Unlike queries, [mask] tokens are not appended to documents.

After passing the input sequence through BERT and the linear layer, the document encoder filters out the embeddings corresponding to punctuation symbols, determined via a predefined list.

This filtering is meant to reduce the number of embeddings per document, as contextualized embeddings of punctuation are hypothesised to be unnecessary for effectiveness.

Some definitions and questions answered

What Does Dense Retrieval Mean?

Definition:

Dense retrieval refers to information retrieval methods where both queries and documents are represented as dense vectors (embeddings) in a continuous, high-dimensional space. These embeddings capture semantic meanings, allowing for retrieval based on semantic similarity rather than just exact keyword matching.

Key Applications:

Semantic Search: Finding documents that are semantically related to a query, even if they don't share exact keywords.
Question Answering Systems: Retrieving passages that answer a user's question based on meaning rather than keyword overlap.
Recommendation Systems: Suggesting items similar in meaning or context to those the user has interacted with.

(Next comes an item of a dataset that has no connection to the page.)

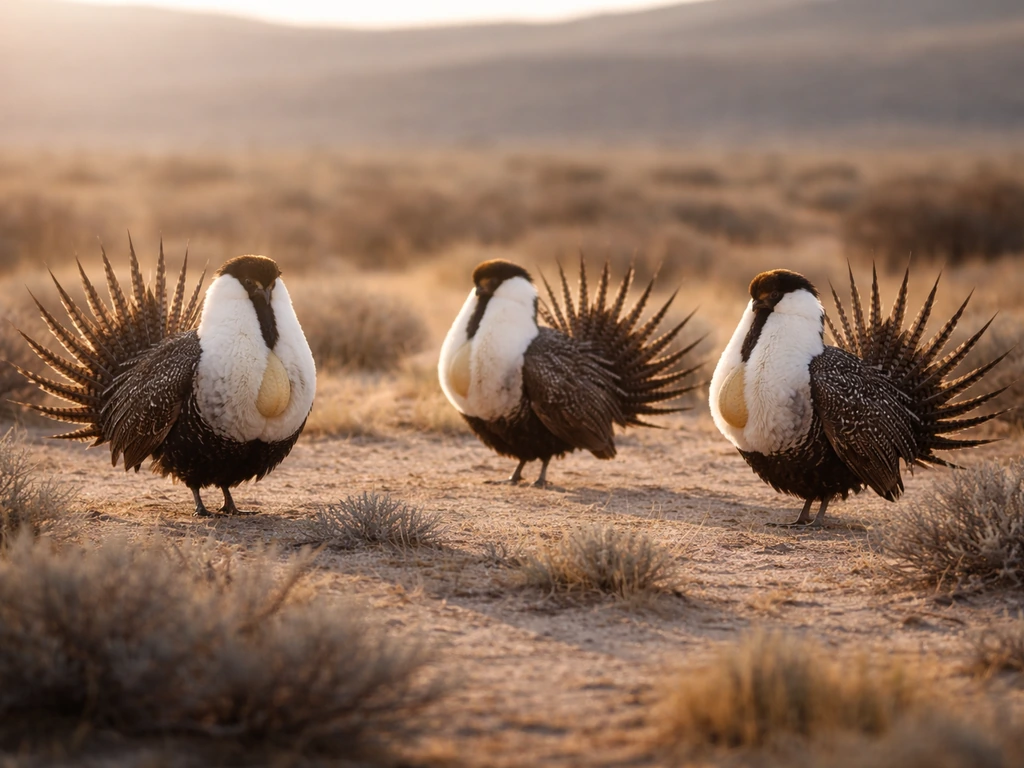 Greater sage-grouse lekking males strutting on open sagebrush ground at dawn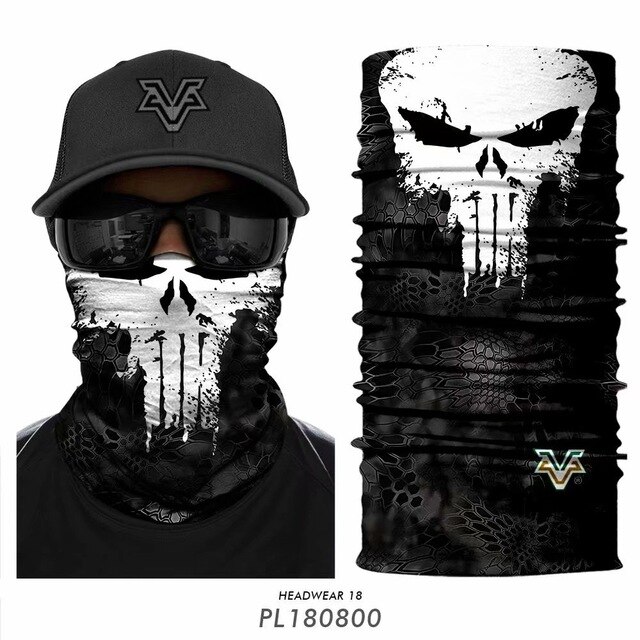 3D Punisher Bandanas Mask Buffs Motorcycle Neck Gaiter Cycling Face Mask Protective Headband Hiking Scarf Face Shield Balaclava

How ColBERT Differs from Other Dense Retrieval Methods

While traditional dense retrieval methods encode queries and documents into single dense vectors and compute similarity (e.g., using cosine similarity), ColBERT maintains fine-grained token-level embeddings. This allows it to capture more detailed interactions between query terms and document terms, leading to better retrieval effectiveness. Moreover, ColBERT's architecture enables precomputing document embeddings offline, significantly improving efficiency compared to methods that require joint encoding of query-document pairs.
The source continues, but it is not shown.